Recuperado, trabajó por reunificación de una comunidad que se dividió al calor de peleas internas con la realización de talleres de Derecho Indígena como herramienta. Su liderazgo le fue reconocido y a los 38 se convirtió en cacique, el más jóven de la historia de su pueblo. “Fueron 3 años durísimos porque recién ahí logré la personería jurídica”, dice.

Detrás se sucedieron y suceden una variedad de proyectos para el crecimiento de la comunidad: la red de agua potable, la radio comunitaria, la bodega comunitaria, los sistemas de riego y un centro de salud infantil, entre otros. Al final, el cacique Silva tenía razón.

Mientras transita el último año de su tercer mandato, Nieva trabaja con el Poder Judicial provincial en la creación de un juzgado de paz intercultural que articule entre la Justicia tradicional y la del Estado, y además es profesor en la Escuela de Gobernanza Indígena de la Facultad de Derecho de la UNLZ, que se da en Amaicha desde 2015.
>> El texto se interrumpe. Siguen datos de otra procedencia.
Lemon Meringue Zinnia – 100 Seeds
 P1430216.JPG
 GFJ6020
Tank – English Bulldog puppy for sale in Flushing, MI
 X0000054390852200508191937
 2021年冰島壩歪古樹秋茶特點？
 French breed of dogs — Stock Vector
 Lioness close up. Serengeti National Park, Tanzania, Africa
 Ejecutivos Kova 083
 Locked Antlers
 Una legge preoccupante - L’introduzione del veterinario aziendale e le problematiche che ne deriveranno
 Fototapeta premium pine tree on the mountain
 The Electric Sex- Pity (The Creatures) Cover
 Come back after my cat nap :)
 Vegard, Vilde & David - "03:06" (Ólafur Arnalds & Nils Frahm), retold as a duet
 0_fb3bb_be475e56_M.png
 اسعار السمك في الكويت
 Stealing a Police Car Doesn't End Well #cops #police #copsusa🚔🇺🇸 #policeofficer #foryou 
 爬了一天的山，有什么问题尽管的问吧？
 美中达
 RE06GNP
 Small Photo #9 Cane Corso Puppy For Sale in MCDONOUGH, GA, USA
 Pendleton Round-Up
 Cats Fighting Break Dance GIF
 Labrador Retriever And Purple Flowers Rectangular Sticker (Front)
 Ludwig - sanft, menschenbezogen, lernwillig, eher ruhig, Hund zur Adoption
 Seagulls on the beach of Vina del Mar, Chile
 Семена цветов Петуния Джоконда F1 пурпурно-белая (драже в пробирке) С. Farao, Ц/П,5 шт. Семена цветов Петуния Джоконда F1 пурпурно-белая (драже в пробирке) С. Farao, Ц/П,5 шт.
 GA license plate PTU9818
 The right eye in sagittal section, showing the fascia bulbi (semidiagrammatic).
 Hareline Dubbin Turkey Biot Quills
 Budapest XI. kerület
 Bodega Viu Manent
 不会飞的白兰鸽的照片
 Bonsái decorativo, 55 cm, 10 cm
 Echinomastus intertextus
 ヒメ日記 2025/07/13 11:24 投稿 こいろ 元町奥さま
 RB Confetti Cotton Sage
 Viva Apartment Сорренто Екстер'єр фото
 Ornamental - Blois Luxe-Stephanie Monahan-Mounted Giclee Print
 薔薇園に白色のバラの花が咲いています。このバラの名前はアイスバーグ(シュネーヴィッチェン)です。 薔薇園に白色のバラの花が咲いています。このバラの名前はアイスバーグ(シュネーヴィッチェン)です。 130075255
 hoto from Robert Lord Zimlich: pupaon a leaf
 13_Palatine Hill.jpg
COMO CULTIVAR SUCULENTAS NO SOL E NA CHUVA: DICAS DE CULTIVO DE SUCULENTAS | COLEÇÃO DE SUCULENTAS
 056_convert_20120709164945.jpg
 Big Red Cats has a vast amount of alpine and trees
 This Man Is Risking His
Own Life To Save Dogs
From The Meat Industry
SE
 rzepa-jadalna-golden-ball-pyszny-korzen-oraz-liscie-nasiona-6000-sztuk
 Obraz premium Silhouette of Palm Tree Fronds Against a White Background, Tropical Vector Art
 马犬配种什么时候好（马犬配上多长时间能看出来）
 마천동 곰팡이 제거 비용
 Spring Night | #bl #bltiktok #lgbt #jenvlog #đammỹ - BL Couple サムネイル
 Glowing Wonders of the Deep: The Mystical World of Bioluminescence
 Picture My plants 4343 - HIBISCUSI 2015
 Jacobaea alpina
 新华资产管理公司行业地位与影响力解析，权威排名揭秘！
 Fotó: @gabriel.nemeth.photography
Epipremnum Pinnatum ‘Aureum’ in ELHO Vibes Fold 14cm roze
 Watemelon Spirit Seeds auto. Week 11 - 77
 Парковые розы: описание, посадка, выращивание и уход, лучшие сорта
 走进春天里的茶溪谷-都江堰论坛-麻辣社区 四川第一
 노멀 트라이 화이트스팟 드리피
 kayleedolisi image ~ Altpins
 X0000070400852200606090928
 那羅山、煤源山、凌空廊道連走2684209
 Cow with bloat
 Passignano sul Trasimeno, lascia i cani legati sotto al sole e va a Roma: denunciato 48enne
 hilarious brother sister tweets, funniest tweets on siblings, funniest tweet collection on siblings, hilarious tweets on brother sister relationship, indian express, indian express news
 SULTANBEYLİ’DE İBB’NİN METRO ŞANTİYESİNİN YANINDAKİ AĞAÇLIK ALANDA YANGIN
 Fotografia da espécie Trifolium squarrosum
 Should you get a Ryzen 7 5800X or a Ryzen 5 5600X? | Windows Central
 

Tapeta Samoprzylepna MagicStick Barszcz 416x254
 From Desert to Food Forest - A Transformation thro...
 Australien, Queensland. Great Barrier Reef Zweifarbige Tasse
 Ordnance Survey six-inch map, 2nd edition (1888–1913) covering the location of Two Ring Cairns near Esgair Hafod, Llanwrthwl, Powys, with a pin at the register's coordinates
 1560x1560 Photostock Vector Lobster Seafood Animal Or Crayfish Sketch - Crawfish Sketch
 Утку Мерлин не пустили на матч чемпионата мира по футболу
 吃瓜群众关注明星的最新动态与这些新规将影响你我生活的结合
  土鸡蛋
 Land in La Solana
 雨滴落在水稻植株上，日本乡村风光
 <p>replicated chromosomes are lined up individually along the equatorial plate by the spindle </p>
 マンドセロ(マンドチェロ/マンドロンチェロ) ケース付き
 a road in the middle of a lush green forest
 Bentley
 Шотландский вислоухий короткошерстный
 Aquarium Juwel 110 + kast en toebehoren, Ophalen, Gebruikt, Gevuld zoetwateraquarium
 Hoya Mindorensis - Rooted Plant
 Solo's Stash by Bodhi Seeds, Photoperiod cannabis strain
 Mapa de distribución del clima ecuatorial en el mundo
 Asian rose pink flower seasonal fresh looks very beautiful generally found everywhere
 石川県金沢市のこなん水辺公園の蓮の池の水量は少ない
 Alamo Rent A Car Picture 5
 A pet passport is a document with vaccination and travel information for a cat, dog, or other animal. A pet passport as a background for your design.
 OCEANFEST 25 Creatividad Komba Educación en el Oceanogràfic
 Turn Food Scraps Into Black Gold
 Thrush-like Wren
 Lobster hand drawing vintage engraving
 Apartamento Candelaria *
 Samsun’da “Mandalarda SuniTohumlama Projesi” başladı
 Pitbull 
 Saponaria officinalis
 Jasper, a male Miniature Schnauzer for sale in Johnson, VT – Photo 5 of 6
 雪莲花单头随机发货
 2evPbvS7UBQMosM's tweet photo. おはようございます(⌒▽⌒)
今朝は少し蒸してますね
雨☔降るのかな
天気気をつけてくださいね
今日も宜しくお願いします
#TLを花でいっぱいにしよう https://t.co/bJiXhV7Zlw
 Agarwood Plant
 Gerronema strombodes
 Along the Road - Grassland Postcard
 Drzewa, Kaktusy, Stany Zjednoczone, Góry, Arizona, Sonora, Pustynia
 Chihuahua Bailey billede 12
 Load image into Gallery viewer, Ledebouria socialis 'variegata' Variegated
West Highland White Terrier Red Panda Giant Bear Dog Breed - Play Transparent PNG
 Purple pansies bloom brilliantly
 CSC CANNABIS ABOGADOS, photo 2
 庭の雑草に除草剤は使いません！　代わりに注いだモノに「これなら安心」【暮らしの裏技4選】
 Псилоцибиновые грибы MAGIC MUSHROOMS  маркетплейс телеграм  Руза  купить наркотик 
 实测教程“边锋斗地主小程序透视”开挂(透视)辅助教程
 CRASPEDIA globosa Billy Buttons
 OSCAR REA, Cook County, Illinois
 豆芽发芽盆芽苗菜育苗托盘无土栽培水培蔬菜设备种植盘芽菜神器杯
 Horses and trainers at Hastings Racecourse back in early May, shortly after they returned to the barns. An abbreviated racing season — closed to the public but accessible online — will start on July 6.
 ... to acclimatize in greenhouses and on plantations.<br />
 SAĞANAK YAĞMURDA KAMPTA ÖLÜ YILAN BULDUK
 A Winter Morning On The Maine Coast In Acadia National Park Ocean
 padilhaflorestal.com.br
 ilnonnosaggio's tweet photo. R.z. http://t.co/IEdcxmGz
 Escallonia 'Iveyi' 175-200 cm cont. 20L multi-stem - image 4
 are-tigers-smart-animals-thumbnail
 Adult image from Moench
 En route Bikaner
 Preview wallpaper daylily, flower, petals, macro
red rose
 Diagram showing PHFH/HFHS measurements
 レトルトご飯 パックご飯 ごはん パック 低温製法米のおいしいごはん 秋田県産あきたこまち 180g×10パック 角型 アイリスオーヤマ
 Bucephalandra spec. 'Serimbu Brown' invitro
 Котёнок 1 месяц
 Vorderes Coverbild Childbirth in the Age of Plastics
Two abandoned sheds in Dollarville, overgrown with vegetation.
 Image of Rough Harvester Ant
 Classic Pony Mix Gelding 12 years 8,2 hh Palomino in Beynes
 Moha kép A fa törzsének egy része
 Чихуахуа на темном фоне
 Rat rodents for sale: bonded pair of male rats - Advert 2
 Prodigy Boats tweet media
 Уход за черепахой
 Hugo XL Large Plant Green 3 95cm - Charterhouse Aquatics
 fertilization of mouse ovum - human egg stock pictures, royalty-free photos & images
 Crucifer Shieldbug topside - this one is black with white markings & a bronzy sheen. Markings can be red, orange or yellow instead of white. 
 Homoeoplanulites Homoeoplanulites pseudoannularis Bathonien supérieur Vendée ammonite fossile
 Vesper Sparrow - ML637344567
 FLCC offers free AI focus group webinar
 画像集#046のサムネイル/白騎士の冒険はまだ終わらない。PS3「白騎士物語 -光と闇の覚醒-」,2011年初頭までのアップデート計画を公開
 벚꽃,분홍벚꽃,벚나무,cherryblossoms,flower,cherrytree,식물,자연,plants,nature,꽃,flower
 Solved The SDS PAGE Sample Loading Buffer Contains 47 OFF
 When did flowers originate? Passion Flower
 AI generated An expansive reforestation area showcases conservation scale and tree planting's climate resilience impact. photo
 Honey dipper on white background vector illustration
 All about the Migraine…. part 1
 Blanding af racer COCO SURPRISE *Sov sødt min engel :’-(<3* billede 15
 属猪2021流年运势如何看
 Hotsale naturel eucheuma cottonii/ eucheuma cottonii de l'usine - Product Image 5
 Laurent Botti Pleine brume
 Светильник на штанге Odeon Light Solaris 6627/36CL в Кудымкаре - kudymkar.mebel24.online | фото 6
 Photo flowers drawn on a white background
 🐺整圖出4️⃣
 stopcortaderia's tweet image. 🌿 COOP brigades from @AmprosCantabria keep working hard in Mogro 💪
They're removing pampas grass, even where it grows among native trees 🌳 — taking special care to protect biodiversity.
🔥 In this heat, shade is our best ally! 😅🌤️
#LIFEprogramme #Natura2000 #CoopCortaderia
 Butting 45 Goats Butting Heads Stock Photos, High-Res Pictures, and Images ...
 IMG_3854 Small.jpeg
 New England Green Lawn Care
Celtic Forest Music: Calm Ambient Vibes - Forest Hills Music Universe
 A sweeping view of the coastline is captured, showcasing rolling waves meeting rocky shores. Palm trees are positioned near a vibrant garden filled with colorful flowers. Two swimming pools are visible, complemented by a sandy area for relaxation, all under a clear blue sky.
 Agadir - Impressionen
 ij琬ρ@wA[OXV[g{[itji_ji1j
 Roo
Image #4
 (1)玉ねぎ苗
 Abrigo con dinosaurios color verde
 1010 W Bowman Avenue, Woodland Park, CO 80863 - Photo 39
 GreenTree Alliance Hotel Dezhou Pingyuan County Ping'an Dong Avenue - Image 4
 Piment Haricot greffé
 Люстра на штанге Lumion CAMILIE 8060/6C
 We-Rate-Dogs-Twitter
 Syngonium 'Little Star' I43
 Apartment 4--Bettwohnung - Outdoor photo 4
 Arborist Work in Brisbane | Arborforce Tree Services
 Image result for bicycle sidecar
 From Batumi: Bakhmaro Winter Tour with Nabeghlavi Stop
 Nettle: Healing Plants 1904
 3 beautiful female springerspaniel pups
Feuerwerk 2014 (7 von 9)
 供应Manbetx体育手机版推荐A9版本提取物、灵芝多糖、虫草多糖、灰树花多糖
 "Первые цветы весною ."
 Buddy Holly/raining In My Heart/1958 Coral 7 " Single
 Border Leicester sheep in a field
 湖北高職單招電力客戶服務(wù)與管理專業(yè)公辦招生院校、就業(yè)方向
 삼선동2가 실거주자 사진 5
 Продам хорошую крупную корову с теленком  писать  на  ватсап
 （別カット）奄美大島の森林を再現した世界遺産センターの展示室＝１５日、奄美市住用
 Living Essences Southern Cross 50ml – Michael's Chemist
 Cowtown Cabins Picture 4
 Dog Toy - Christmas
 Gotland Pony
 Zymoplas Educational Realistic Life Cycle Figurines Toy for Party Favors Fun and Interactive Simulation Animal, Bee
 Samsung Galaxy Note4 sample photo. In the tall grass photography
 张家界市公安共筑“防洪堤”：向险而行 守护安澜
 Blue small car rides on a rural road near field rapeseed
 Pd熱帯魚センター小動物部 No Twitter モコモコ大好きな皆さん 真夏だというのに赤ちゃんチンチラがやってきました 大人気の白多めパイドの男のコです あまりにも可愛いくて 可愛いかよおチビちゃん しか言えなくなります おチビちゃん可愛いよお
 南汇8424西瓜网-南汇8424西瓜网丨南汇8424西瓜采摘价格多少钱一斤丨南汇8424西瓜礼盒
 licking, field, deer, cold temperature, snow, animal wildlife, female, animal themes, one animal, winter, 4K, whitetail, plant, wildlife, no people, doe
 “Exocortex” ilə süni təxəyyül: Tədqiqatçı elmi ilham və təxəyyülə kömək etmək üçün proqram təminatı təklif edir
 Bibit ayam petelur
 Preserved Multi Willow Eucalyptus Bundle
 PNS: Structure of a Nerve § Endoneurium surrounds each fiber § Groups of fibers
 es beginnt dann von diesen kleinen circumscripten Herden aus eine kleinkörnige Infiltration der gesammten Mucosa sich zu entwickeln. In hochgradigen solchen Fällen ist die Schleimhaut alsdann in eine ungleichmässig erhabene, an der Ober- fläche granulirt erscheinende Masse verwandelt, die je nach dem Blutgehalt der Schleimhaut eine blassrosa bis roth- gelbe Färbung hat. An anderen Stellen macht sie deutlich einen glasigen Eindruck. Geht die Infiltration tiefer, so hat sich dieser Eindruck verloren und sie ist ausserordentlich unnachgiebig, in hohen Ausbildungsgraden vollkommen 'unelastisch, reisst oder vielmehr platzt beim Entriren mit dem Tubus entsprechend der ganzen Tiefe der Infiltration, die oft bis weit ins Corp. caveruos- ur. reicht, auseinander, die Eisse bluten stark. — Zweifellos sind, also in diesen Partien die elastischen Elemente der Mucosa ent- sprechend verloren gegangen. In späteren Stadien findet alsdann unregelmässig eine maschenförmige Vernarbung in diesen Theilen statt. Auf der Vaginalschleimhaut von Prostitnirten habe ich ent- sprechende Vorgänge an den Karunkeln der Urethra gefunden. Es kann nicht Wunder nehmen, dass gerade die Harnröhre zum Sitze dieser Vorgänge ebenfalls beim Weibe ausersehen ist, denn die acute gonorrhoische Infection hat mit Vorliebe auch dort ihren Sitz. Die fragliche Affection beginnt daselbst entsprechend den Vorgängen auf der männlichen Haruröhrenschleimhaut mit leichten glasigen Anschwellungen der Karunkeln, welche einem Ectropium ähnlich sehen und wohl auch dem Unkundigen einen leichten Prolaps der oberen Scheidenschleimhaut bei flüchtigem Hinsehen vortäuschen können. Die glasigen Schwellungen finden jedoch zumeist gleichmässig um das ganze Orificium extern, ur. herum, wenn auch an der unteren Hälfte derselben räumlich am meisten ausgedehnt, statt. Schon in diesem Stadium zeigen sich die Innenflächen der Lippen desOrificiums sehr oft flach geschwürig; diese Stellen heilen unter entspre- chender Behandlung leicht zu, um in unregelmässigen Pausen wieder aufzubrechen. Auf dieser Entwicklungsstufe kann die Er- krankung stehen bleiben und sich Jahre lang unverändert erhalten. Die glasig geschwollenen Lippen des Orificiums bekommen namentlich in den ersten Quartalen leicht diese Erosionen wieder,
Aunque una vez que termine el cazicazgo quiere ir por más: “Los pueblos indígenas tienen su propio derecho no escrito, ese derecho de la vida comunitaria que tiene valores sumamente importantes que rescatar para ver cómo se aporta al sistema estatal. Hace falta más diálogo entre pueblos indígenas y gobierno. Se tiene que promover un consenso intercultural para que se puedan promover políticas públicas”.